Reuters reported that Microsoft has shut down a Nigerian-based cybercrime operation called RaccoonO365 that reportedly made at least $100,000 in cryptocurrency payments, by building and renting fake Microsoft 365 login pages to scammers around the world.
The service is part of a growing trend called phishing-as-a-service (PhaaS), where cybercriminals lease phishing tools to others who may not have the technical expertise. Since launching in July 2024, RaccoonO365 enabled criminals to impersonate trusted brands and get targets to enter Microsoft login credentials on phony Microsoft login pages.
In a coordinated legal and technical operation, Microsoft, working with cybersecurity firm Cloudflare and the U.S. Secret Service seized nearly 340 websites used by the platform. According to Microsoft, at least 5,000 login credentials were stolen from users across 94 countries.

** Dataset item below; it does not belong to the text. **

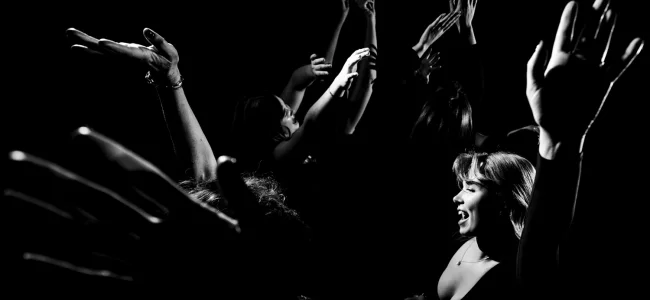 Bridesmaid dances during wedding reception in Banff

The operation was run through a private Telegram channel with more than 850 members and reportedly had between 100 and 200 active subscribers. Court filings identify Nigeria-based Joshua Ogundipe as the leader and main operator of the platform.
Microsoft’s Steven Masada, assistant general counsel for the company’s Digital Crimes Unit, noted that the case illustrates how simple subscription-based tools can make cybercrime accessible to virtually anyone.